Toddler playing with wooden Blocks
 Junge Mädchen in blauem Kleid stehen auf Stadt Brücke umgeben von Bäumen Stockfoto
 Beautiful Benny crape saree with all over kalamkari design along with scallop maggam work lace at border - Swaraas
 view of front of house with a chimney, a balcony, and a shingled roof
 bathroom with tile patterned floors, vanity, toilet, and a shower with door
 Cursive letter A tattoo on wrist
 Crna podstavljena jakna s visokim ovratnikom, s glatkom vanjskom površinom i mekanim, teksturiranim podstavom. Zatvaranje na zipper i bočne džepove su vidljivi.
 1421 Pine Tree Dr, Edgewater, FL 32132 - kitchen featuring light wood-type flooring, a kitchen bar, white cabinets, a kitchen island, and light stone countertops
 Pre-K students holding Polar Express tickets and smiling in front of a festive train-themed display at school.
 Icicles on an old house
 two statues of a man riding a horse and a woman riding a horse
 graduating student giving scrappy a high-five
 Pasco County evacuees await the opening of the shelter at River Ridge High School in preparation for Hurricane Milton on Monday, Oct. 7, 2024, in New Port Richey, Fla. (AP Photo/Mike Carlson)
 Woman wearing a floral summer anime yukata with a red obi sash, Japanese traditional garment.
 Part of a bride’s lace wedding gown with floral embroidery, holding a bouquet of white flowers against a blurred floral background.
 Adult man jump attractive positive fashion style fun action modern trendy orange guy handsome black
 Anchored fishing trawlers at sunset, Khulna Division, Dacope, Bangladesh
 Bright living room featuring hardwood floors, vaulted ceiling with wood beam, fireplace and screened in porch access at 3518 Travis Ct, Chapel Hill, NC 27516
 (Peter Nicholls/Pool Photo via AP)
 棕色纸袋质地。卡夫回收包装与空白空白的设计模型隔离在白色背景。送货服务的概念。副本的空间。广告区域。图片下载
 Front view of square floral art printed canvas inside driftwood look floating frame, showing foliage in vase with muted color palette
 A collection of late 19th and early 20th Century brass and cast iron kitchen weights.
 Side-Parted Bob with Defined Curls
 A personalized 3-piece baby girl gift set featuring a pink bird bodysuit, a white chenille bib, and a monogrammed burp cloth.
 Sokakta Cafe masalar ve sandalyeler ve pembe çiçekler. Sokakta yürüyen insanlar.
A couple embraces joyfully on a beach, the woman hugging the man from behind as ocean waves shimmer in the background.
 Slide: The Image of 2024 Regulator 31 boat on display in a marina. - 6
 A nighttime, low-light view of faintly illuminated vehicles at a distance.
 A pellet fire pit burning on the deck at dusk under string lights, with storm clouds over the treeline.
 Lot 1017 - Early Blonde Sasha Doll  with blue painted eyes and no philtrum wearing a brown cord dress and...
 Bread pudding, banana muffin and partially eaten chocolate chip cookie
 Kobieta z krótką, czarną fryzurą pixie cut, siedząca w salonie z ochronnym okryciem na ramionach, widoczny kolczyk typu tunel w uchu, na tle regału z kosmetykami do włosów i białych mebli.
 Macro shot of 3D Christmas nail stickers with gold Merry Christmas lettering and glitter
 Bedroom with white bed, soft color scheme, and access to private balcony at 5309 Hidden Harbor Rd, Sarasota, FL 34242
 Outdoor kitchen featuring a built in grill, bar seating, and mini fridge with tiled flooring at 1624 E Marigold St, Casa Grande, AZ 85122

# What is required
Return each line of the records above exactly as it reads.

# Result of this task
Toddler playing with wooden Blocks
 Junge Mädchen in blauem Kleid stehen auf Stadt Brücke umgeben von Bäumen Stockfoto
 Beautiful Benny crape saree with all over kalamkari design along with scallop maggam work lace at border - Swaraas
 view of front of house with a chimney, a balcony, and a shingled roof
 bathroom with tile patterned floors, vanity, toilet, and a shower with door
 Cursive letter A tattoo on wrist
 Crna podstavljena jakna s visokim ovratnikom, s glatkom vanjskom površinom i mekanim, teksturiranim podstavom. Zatvaranje na zipper i bočne džepove su vidljivi.
 1421 Pine Tree Dr, Edgewater, FL 32132 - kitchen featuring light wood-type flooring, a kitchen bar, white cabinets, a kitchen island, and light stone countertops
 Pre-K students holding Polar Express tickets and smiling in front of a festive train-themed display at school.
 Icicles on an old house
 two statues of a man riding a horse and a woman riding a horse
 graduating student giving scrappy a high-five
 Pasco County evacuees await the opening of the shelter at River Ridge High School in preparation for Hurricane Milton on Monday, Oct. 7, 2024, in New Port Richey, Fla. (AP Photo/Mike Carlson)
 Woman wearing a floral summer anime yukata with a red obi sash, Japanese traditional garment.
 Part of a bride’s lace wedding gown with floral embroidery, holding a bouquet of white flowers against a blurred floral background.
 Adult man jump attractive positive fashion style fun action modern trendy orange guy handsome black
 Anchored fishing trawlers at sunset, Khulna Division, Dacope, Bangladesh
 Bright living room featuring hardwood floors, vaulted ceiling with wood beam, fireplace and screened in porch access at 3518 Travis Ct, Chapel Hill, NC 27516
 (Peter Nicholls/Pool Photo via AP)
 棕色纸袋质地。卡夫回收包装与空白空白的设计模型隔离在白色背景。送货服务的概念。副本的空间。广告区域。图片下载
 Front view of square floral art printed canvas inside driftwood look floating frame, showing foliage in vase with muted color palette
 A collection of late 19th and early 20th Century brass and cast iron kitchen weights.
 Side-Parted Bob with Defined Curls
 A personalized 3-piece baby girl gift set featuring a pink bird bodysuit, a white chenille bib, and a monogrammed burp cloth.
 Sokakta Cafe masalar ve sandalyeler ve pembe çiçekler. Sokakta yürüyen insanlar.
A couple embraces joyfully on a beach, the woman hugging the man from behind as ocean waves shimmer in the background.
 Slide: The Image of 2024 Regulator 31 boat on display in a marina. - 6
 A nighttime, low-light view of faintly illuminated vehicles at a distance.
 A pellet fire pit burning on the deck at dusk under string lights, with storm clouds over the treeline.
 Lot 1017 - Early Blonde Sasha Doll  with blue painted eyes and no philtrum wearing a brown cord dress and...
 Bread pudding, banana muffin and partially eaten chocolate chip cookie
 Kobieta z krótką, czarną fryzurą pixie cut, siedząca w salonie z ochronnym okryciem na ramionach, widoczny kolczyk typu tunel w uchu, na tle regału z kosmetykami do włosów i białych mebli.
 Macro shot of 3D Christmas nail stickers with gold Merry Christmas lettering and glitter
 Bedroom with white bed, soft color scheme, and access to private balcony at 5309 Hidden Harbor Rd, Sarasota, FL 34242
 Outdoor kitchen featuring a built in grill, bar seating, and mini fridge with tiled flooring at 1624 E Marigold St, Casa Grande, AZ 85122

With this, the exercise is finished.